10.28.2007

Underground River Poems by Peggy Shumaker

The most important issue in Underground River Poems is the interplay between life and death, particularly where these things are located. Frequently in the book death is found in things that are alive, sometimes even physically, as in “Snowflake Eel” - “With a pitbull’s frenzy, / the eel shakes the bones / so hard the luckless spine / lashes like a knotted whip.” Likewise, life is often found in things that are dead as in “Green Sea Turtles,” – “parrotfishes’ sharp beaks / chip off coral into their mouths / What their bodies can’t use / builds the beach.” And sometimes the two are twisted into each other, alternating, as in “Owl’s Cough Balls,” in which we see the image of eating, followed by the regurgitation of undigested body parts, which are then described as “lush left over.” This, contrasted with the earlier lines “petals on the prickly pear / samba their brief lives in splendor / then make way for ripe fruit” suggests a cycle of life and death, which is the larger point. It is also important to note that in the poem in which life and death alternate multiple times (as opposed to others that feature one inside the other), “Owl’s nest,” the poet has one of her only “ars poetical” moments. Of the boney, furry remains of the digested rodent she says, “matter / immobile but filled / with stories.” We should also note the recurrent theme of the arroyo which connotes a dry riverbed, a dead thing, that used to be alive, that may or may not be filled again. Shumaker presents the arroyo by putting it in the mind of the narrator in the first section of the book, a young girl, through the image of thirst. This, again, puts one inside the other: a young girl (life) standing in a dried up river (death) who, despite her thirst (death) focuses mostly on the future (life/hope), which Shumaker shows us through dreams.

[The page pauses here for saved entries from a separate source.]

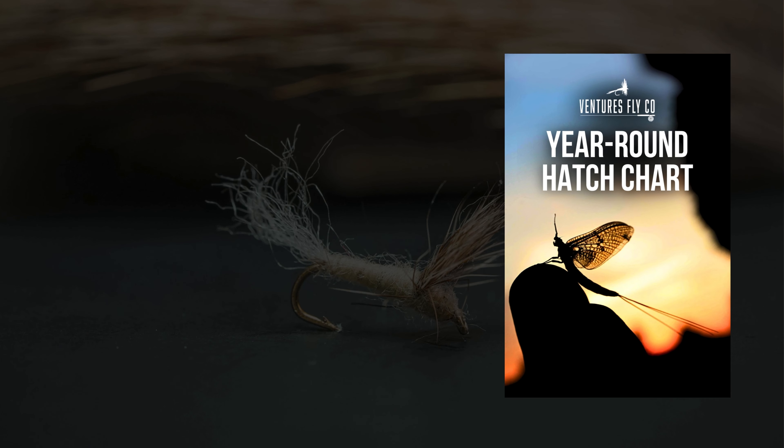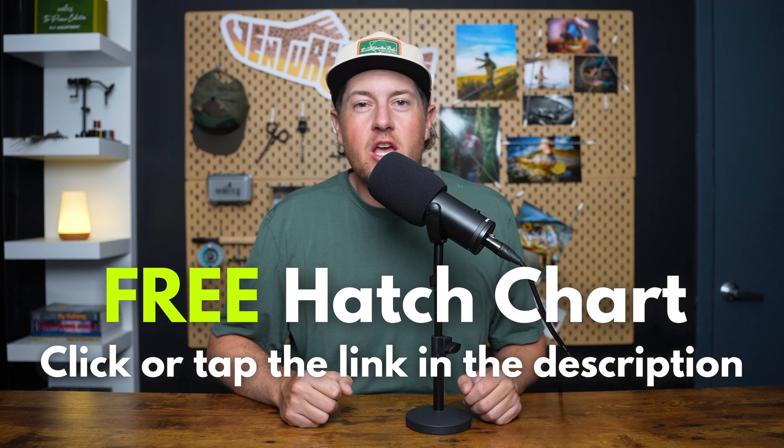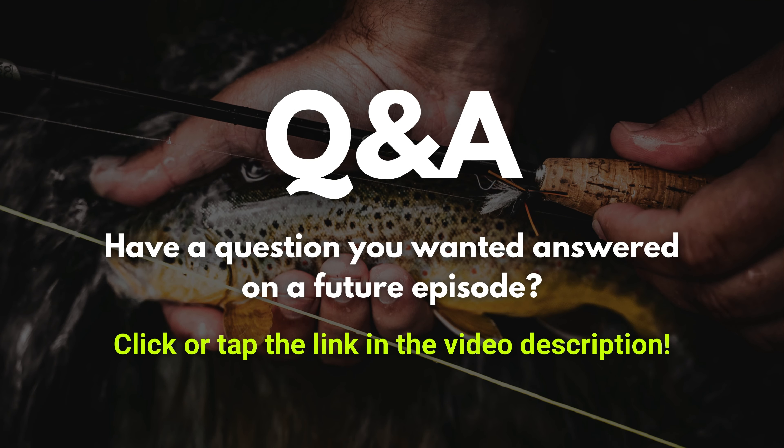Anglers are always asking what bugs are hatching right now, and that's why we put together a year-round hatch chart. It outlines all the major bug hatches so you always know what fly to tie on no matter where you're fishing or what time of year. Click or tap the link in the show notes to get this free hatch chart. Every week here on Untangled we dedicate the last half of the show to directly answering questions from listeners and viewers — often those questions can be the basis for the opener of the show as well.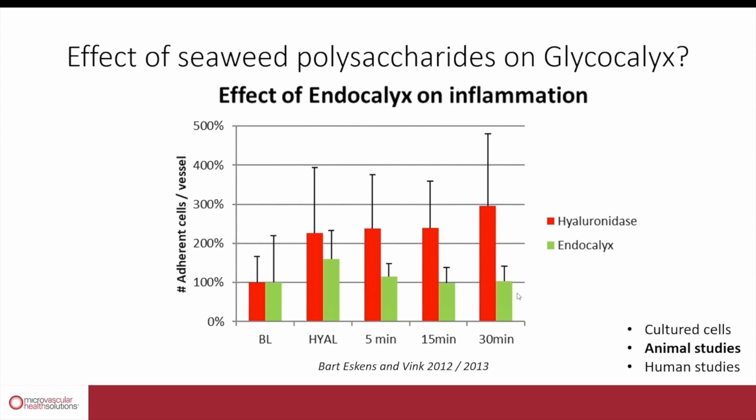In contrast, if the animals were given Endocalyx before the inflammatory challenge, the damage to the glycocalyx was immediately repaired. You can see that Endocalyx is completely able to prevent the increase in the level of inflammation in this acute animal model.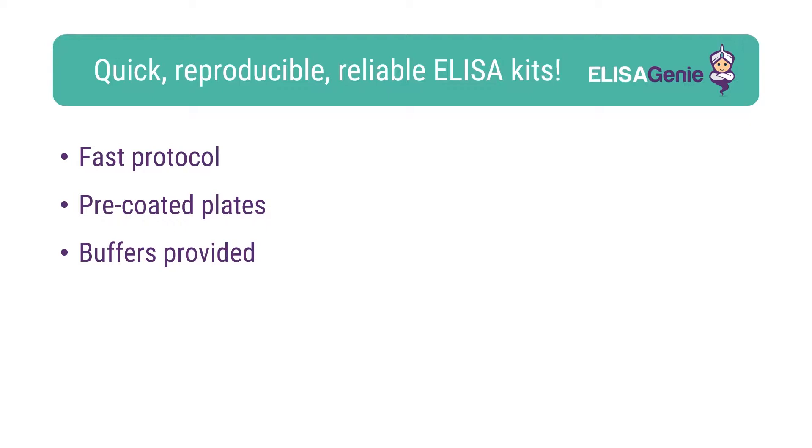At Eliza Genie, we like to help researchers carry out cutting edge research. Therefore, we have developed our range of pre-coated Eliza kits. These kits are fast, reproducible and reliable.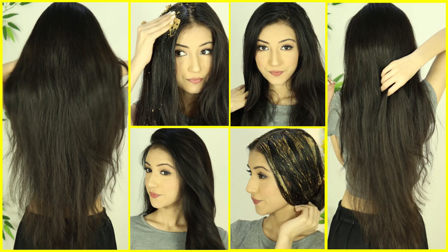Hey everyone, welcome to this video. I am going to check out how to repair extremely dry, damaged and frizzy hair in just one day. So yeah, let's get started.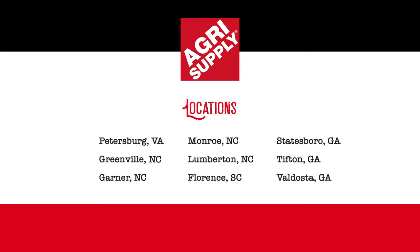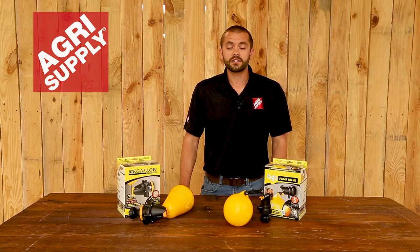Visit one of our nine retail locations or visit us online at Agrisupply.com. Our knowledgeable and friendly teams look forward to seeing you. Agrisupply, it's what's inside.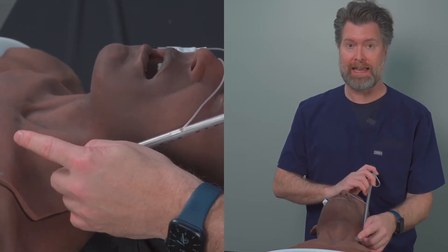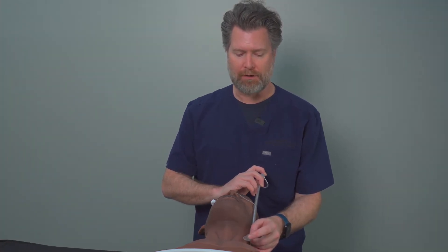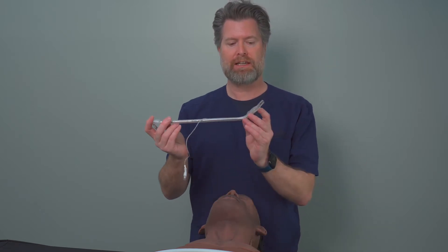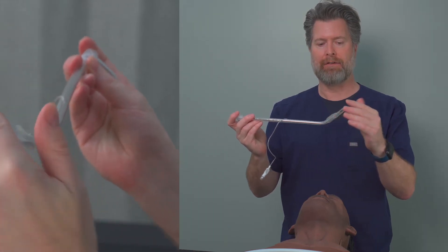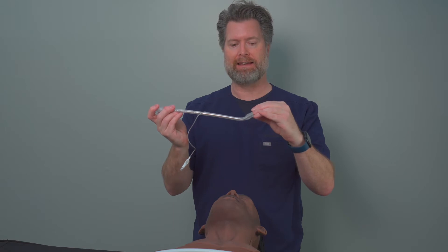Once this tip is at the anterior trachea, one of the reasons why I don't like it when the stylet is all the way at the edge of the tube is because then this tube becomes rigid and you can't move it. But if you see here, because I've recessed the stylet just slightly, this allows for this tip to remain soft, and that will allow it to kind of hit the anterior tracheal rings and then soften and be able to slide down into the trachea.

This theme is also supported by sexual images and scenes. We can see this in “Orange Peel.” “She slides one male peel / into the female hollow of another. / Cringes. They laugh.” When this is put next to the later lines “The going, the coming / the aurora, the lifeline / the flowering from within / the ‘In the meantime, what?” we see playful sexual suggestion paired with real life. More importantly, we see that this life comes from the moments in which one makes playful sexual jokes. This is a theme much like the aforementioned theme of life in death – life from small moments. For another example, consider “Rime,” which comes directly after “Orange Peel,” a poem that depicts what happens inside the clitoris: “the little stone / overlooked, often / plain little stone / where vibrations of each life ever lived.” Shumaker supports the theme of interconnectedness and life inside other things by transforming her sexual experience into natural imagery; and by making the origin of an orgasm the place “where vibrations of each life ever lived,” she connects the physical act sex and its occasional anatomical consequences with a deep, natural spirituality.

The book is broken into sections. I was most interested in “Camoflage,” because it reads like a slideshow or photo album. It seems to be just a collection of memories that for the most part speak for themselves. The message is not in the actual words in this section, but rather in the manifest relationships between the poems that bloom as more poems are read, as if the reader is getting an increasingly clearer picture of the past by gaining access to more memories, one by one. “Crossing the Pacific” reflects this structure. This somewhat different from other contemporary writers, who often find themselves fighting for a turn, for a “something to say.” In this section, Shumaker uses technique and poem organization to create meta-poetic meaning.